**Work instructions**. From top to bottom, write out the listing exactly and skip every picture.

**Available data**.
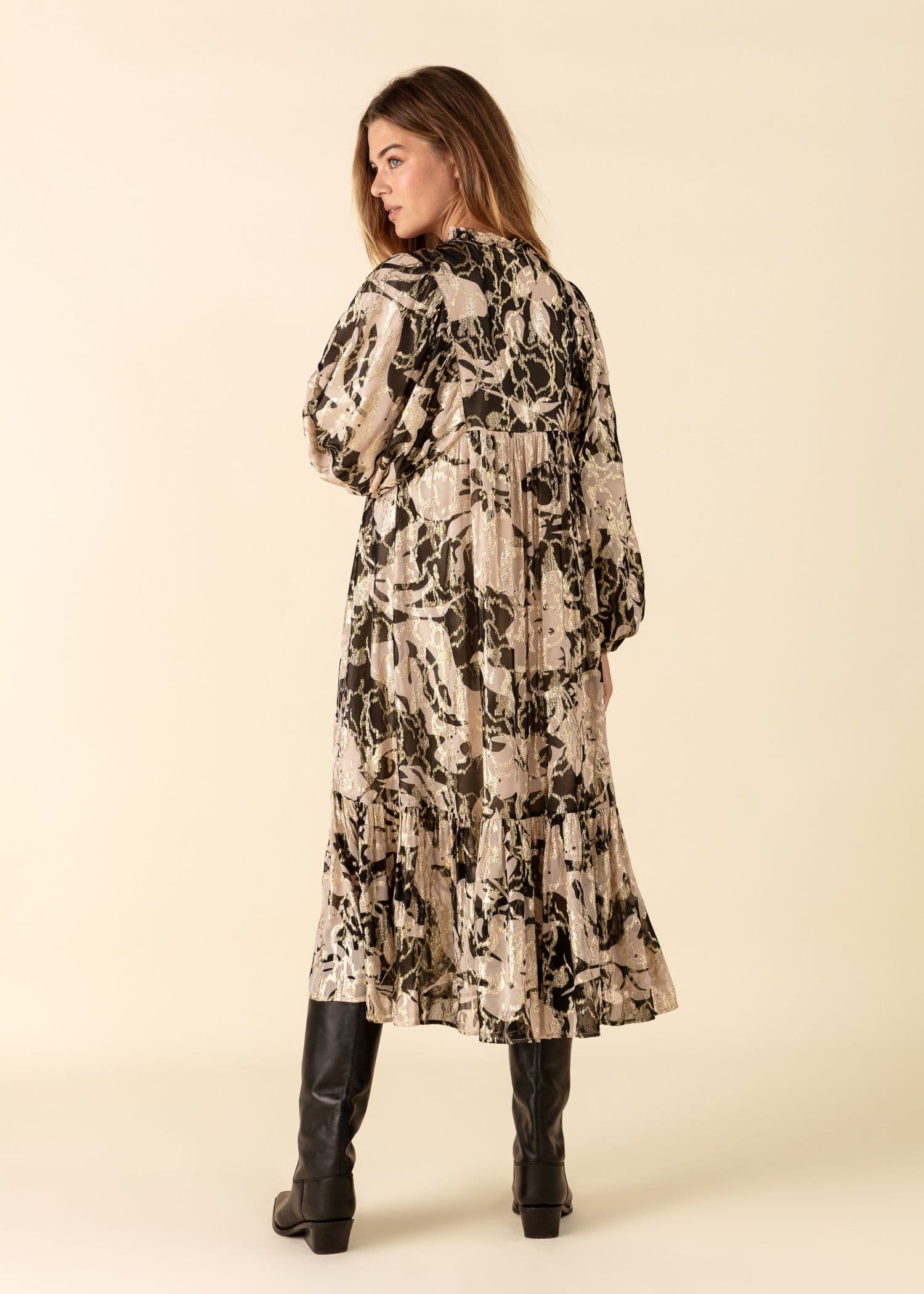 NINA Glitrende kjole med puffermer - Svart 4 - Indiska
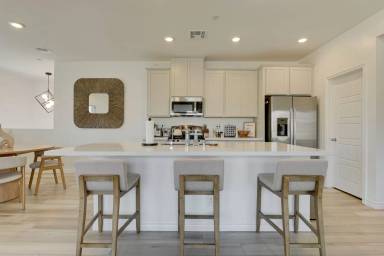 Main picture of 600 N Carriage Hl Dr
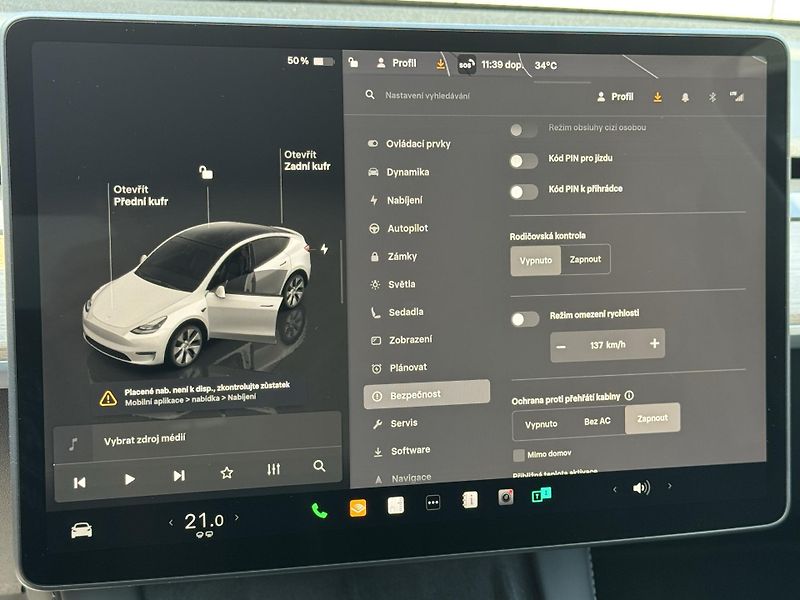 Tesla Model Y LONG RANGE 378KW-4x4-PANO-75KW - fotka 24 z 36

**Solved problem**.
 NINA Glitrende kjole med puffermer - Svart 4 - Indiska
 Main picture of 600 N Carriage Hl Dr
 Tesla Model Y LONG RANGE 378KW-4x4-PANO-75KW - fotka 24 z 36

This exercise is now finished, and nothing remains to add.